Se pure l'esigenza di una storicizzazione della musica della scuola di Vienna (e gli anni Sessanta avevano visto il fenomeno della Mahler-Renaissance) ha portato ad un sensibile risveglio di interesse per i musicisti operanti a Vienna nello scorcio di secolo che porta da Brahms a Schönberg, tuttavia la figura di Zemlinsky non è stata ancora sufficientemente indagata. Eppure di quella Vienna Zemlinsky fu indiscutibilmente un protagonista e la sua azione (come esecutore, come direttore, come insegnante, come organizzatore, come compositore) fu decisiva per le sorti della nuova musica. Basti pensare solamente al ruolo svolto da Zemlinsky nella formazione di Schönberg: a Zemlinsky (Alma Schindler-Mahler era sua allieva) dobbiamo l'avvicinamento, anche personale, di Schönberg a Mahler e viceversa; è Zemlinsky (secondo una testimonianza di H. Eisler) a far conoscere a Brahms il Quartetto in re magg. (1896) del giovane Schönberg; ed è ancora Zemlinsky ad introdurre Schönberg negli ambienti letterari della «Jung-Wien». Berg stesso (oltre Webern) vide nell'opera e nella sua azione un punto di riferimento e proprio a lui è dedicata la Lyrische Suite.
L'attività direttoriale di Zemlinsky mostrò i segni di una apertura alla nuova musica tale da svolgere un ruolo insostituibile nella sua diffusione e nella sua conoscenza. E questo è maggiormente significativo se si considera l'assoluta eccellenza direttoriale di Zemlinsky: «tutto sommato è il più grande direttore vivente» scriveva Schönberg il 31-I-1914 e testimonianze uguali ci vengono da Webern, da Berg, da Stravinskij. Come direttore apparteneva alla più pura tradizione viennese di cui Mahler era l'ultimo grande esponente: grande libertà, assoluta chiarezza e naturalezza e, specificamente nel suo caso, una purissima oggettività. La sua azione a Praga può essere paragonata a quella svolta a Vienna da Mahler.
Ma proprio questa estrema ricettività agli stimoli esterni [...] si ripercosse in maniera negativa sulla sua attività compositiva che non riuscì a sottrarsi al marchio di un facile eclettismo (Brahms, Wagner, Mahler, Debussy, Schönberg sono gli autori fra i quali egli si muove).

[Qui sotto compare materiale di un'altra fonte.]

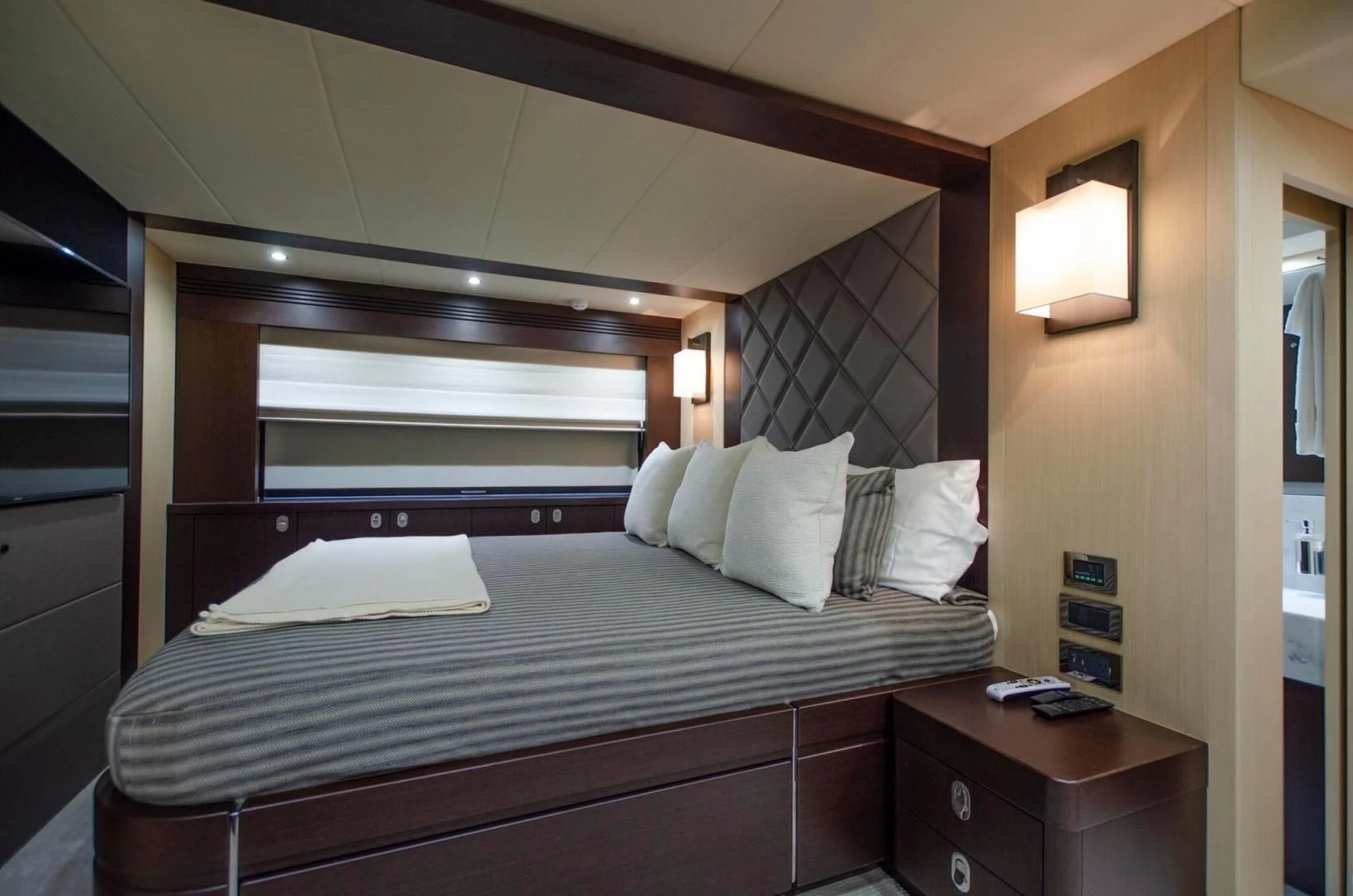 a bed with a white sheet aboard SECOND THOUGHTS Yacht for Sale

La sua posizione fu così segnata da una ambiguità di fondo per cui si trovò ad essere, vivente, una sorta di compositore postumo (e a questo corrispondeva la sua costituzione caratteriale incline ad un pessimismo retrospettivo). Troppo moderno per i conservatori, troppo poco moderno per la nuova musica e costantemente diviso fra la fedeltà al passato e l'apertura alla nuova musica. Nel suo rapporto con Schönberg (come avvenne al vecchio Haydn con Mozart) fu ad un certo punto quest'ultimo ad influenzarlo anche se l'atonalità (e più tardi la dodecafonia) rimasero sempre qualcosa di estraneo ad un pensiero compositivo che era saldamente ancorato alla coscienza dei gradi della scuola armonica brahmsiana, all'idea di un centro tonale. È Webern a raccontare come Zemlinsky (e a lui per un parere si era rivolto Schönberg) giudicasse negativamente un tentativo atonale cui Webern stava lavorando verso il 1906. Anche nella produzione migliore (che è quella da camera soprattutto, l'op. 13 - il centro della sua opera secondo Adorno -, il Secondo Quartetto e l'op. 18) egli non riuscì ad uscire dalle secche di alcune contraddizioni: tendenza alla monumentalità e materiale estremamente flessibile (nel Secondo Quartetto per esempio e sulla scia dell'op. 7 di Schönberg); densità polifonica (e quindi una orchestrazione estremamente sottile e variegata) ma omofonia liederistica e metrica spesso triviali, lo stesso tentativo di sintesi fra Brahms e Wagner (Lieder op. 5 e op. 7) genera spesso una invasione di un cromatismo gratuito. Nella produzione teatrale (Klelder machen Leute ne è forse l'es. più riuscito) a queste manchevolezze si sommano quelle di soggetti e libretti assolutamente inadeguati e troppo datati.